Thursday, March 12, 2009

And Rodale gets out of the game. (Again.)

With the just-announced demise of Best Life, Rodale's ambitious and highly touted foray into the magazine market for "mature men," I am again mindful of my brief-and-not-so-illustrious tenure at the company once known as "the pride of sleepy Emmaus, Pennslvania." In more recent times, Rodale has done everything it can think of to disassociate itself from its "sleepy Pennsylvania" heritage, which in New York publishing circles is seen as tres gauche.

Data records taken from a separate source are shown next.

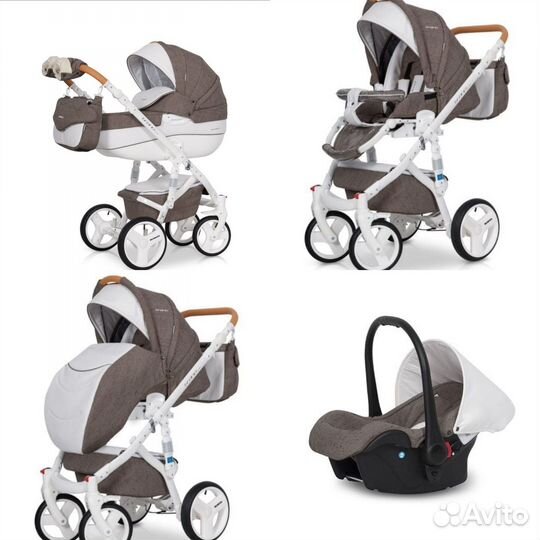 Детская коляска 3 в 1 Riko Bruno Luxe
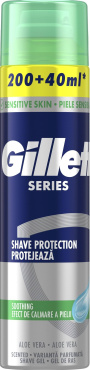 Гель для гоління Gillette Series для чутливої ​​шкіри з алое вера 240 мл фото 5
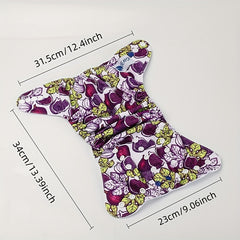 4pcs Fruit Print Cloth Diapers for Baby Girls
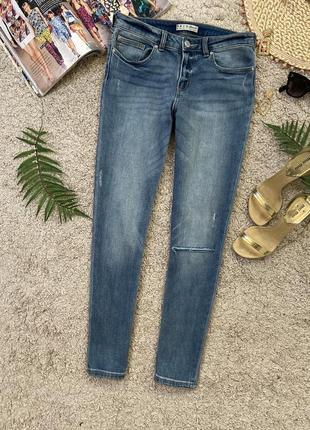 Актуальні джинси скінні з розрізами №521max1 фото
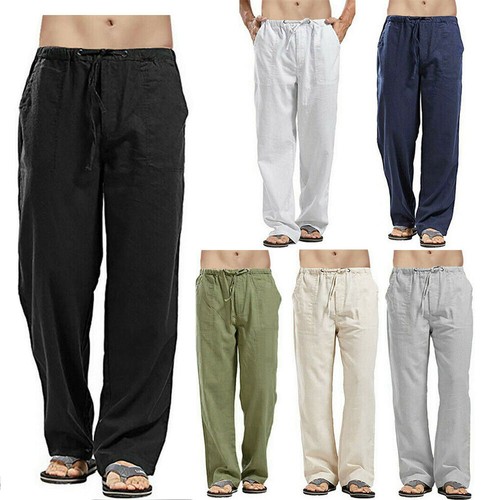 Mens cotton linen baggy - mens,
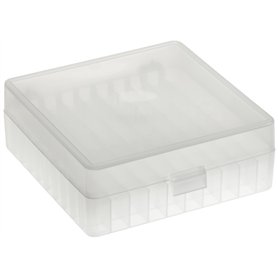 Neolab 2 1967 Neobox 100 Boîtes de rangement empilables en polypropylène pour fioles – 12 mm Transparent Neolab 2 1967 Neobox 100 Boîtes de rangement empilables en polypropylène pour fioles – 12 mm Transparent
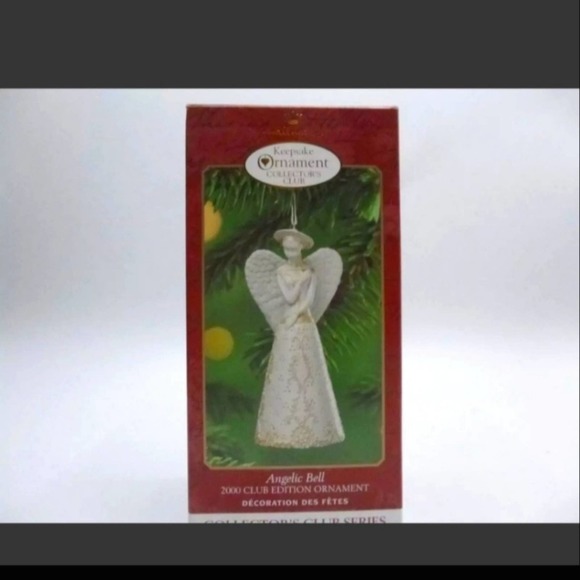💥3/$15💥Hallmark Angel Bell-Collector's Club Series-2000 - Picture 1 of 2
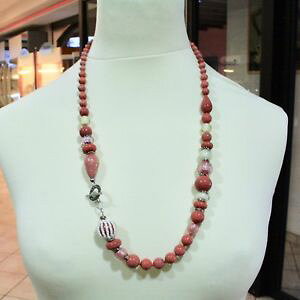 yzlbNX@xl`ARfBmb\Rbx[Wcollana antica murrina venezia con vetro di murano rosso corallo beige coa06a25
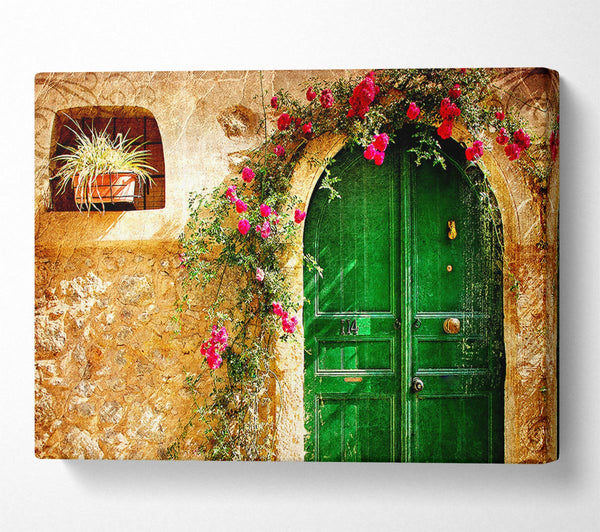 A Canvas Print of Picturesque Old House Canvas Print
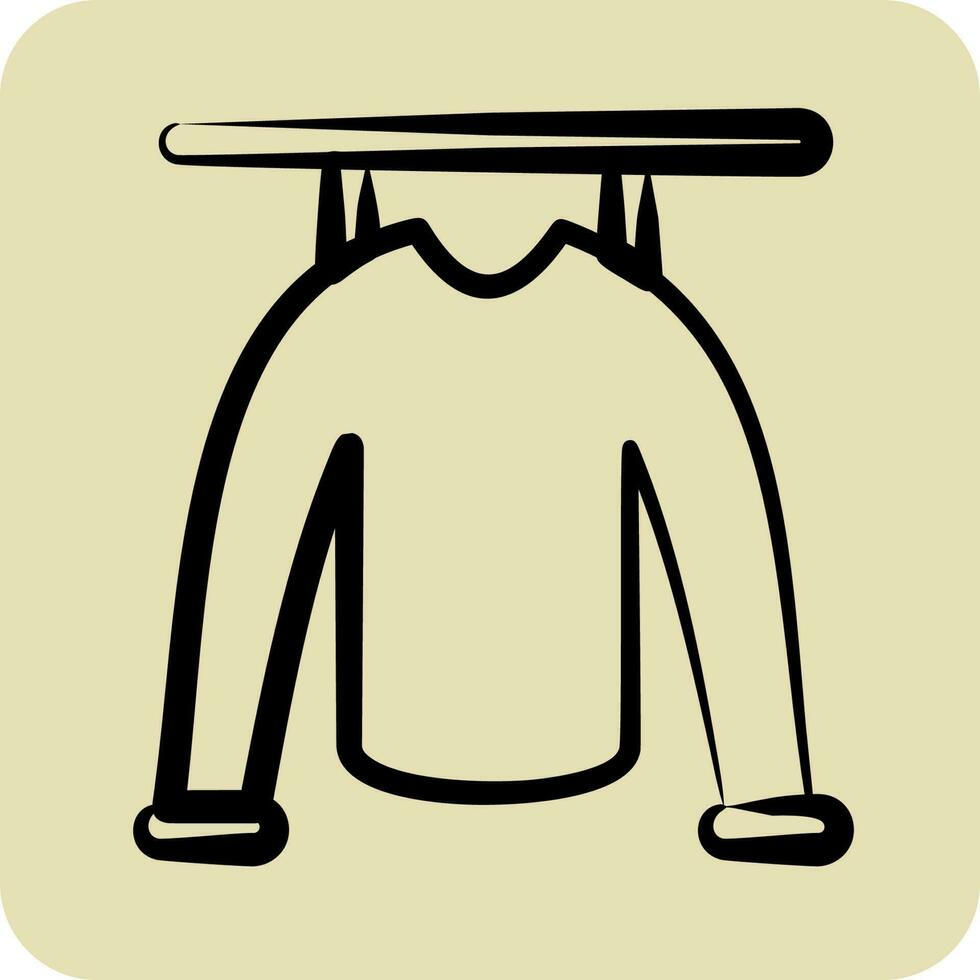 Icon Clothes. suitable for Kids symbol. hand drawn style. simple design editable. design template vector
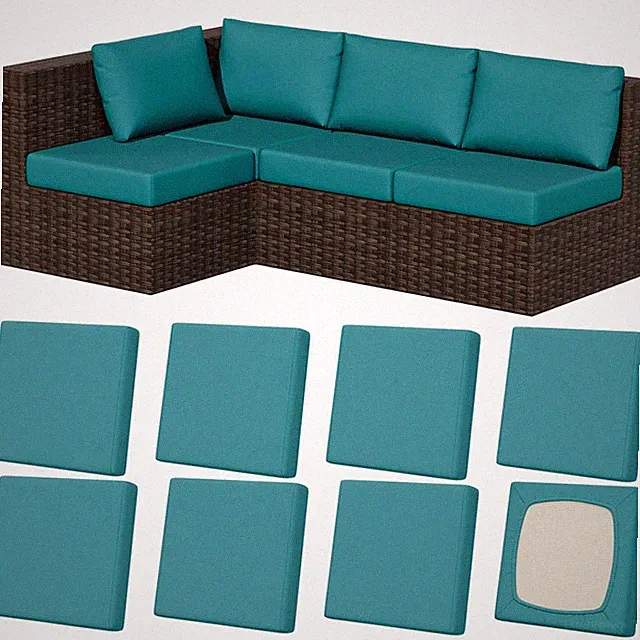 Vorshape 8Pcs Stretch Patio Cushion Covers, Outdoor Couch & Sofa Replacement...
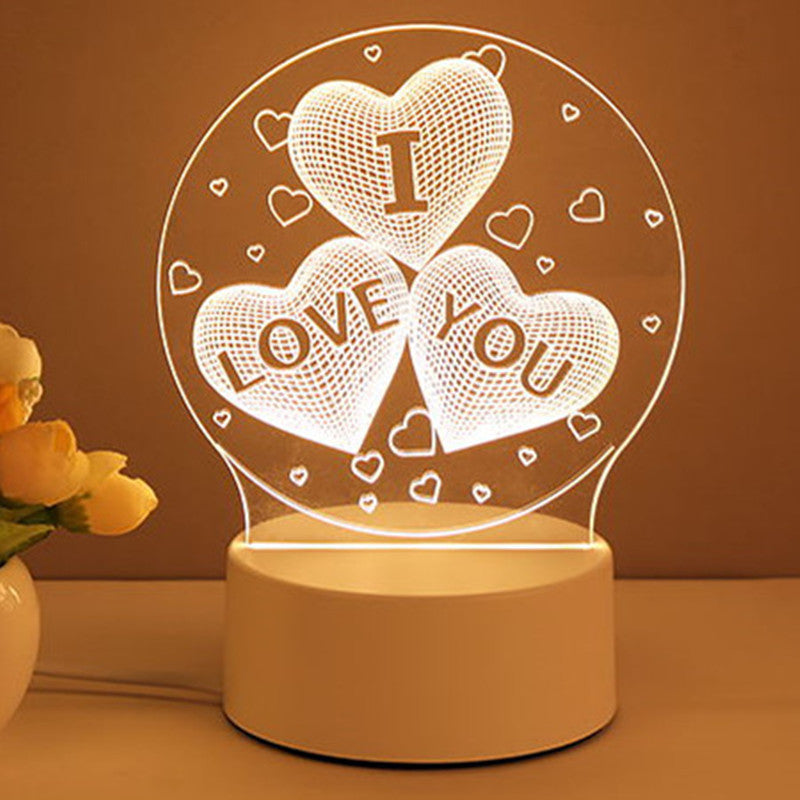 3D Lamp Acryl USB LED Nachtlamp Neon Signaal Lamp Thuisdecoraties Voor Kamerversiering Cadeaus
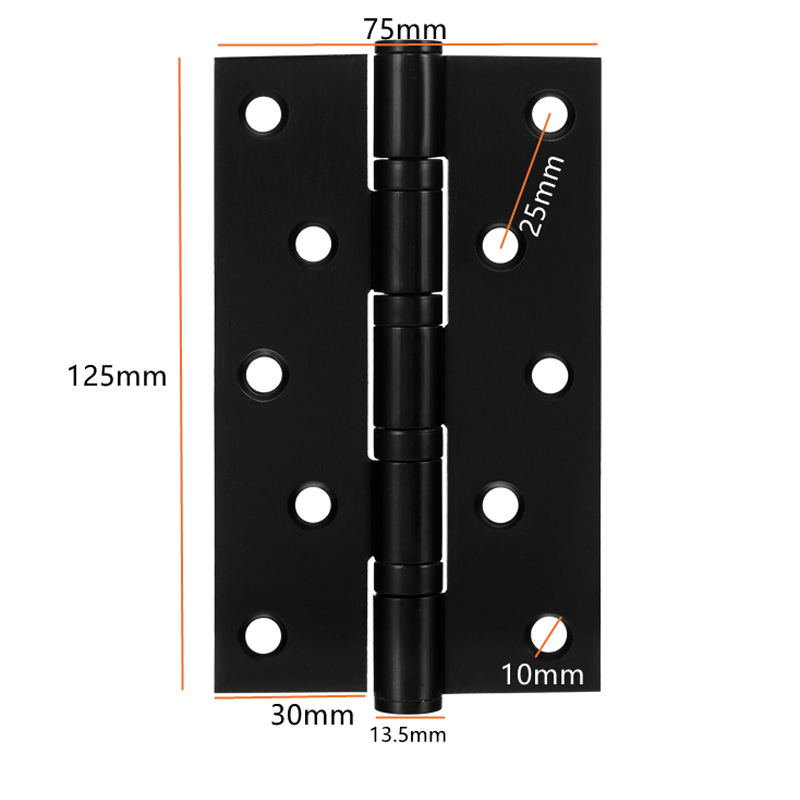 Nerūdijančio plieno durų vyris, plokščias atidarymas; didelė apkrova, tylus guolis; modelis YDX1047; tinka medinėms durims, langams, spintoms, medinėms dėžėms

Looking at this in tight focus to start, I'd always thought Best Life was a mixed metaphor, given that it was aimed at 40-to-50-somethings despite being edited and written (largely) by 30- or 40-somethings, while featuring ads depicting male models who sometimes looked to be 20-somethings. (Is that what advertisers think? That we all want to be perpetually 20? More to the point, I guess, is that what we think?) Nonetheless, it must be said that Best Life was gaining momentum in its demographic, at least circulation-wise; and I must also say as a fan of good writing that at times, the magazine featured some lovely writing indeed. Alas, lovely writing that resonates with your target demographic isn't enough amid today's tyranny of the bottom line. All projects must self-justify by hitting their (arbitrary? hypothetical? purely illusory?) profitability targets. And clearly once the economy started to sour and the manufacturers of products aimed at graying men (like certain kinds of cars made by GM) started to cut their losses, Rodale didn't see the purpose of continuing to fight the good fight.

The larger point is that powerful,
highly compensated executives always think they're making the right decisions in these areas. They think that way simply because they're powerful and highly compensatedthey believe their own hypethus by definition, as they see it, the decisions they make must be correct. The reasoning is obviously circular, and I'm not sure it has any validity at all, especially in creative pursuits. I'm not sure that executives launch projects for the right reasons, and I'm not sure that they pull the plug for the right reasons, either.* In many cases it's a total crapshoot. They don't see it like that, and they'd never admit it regardless. But that's how it is.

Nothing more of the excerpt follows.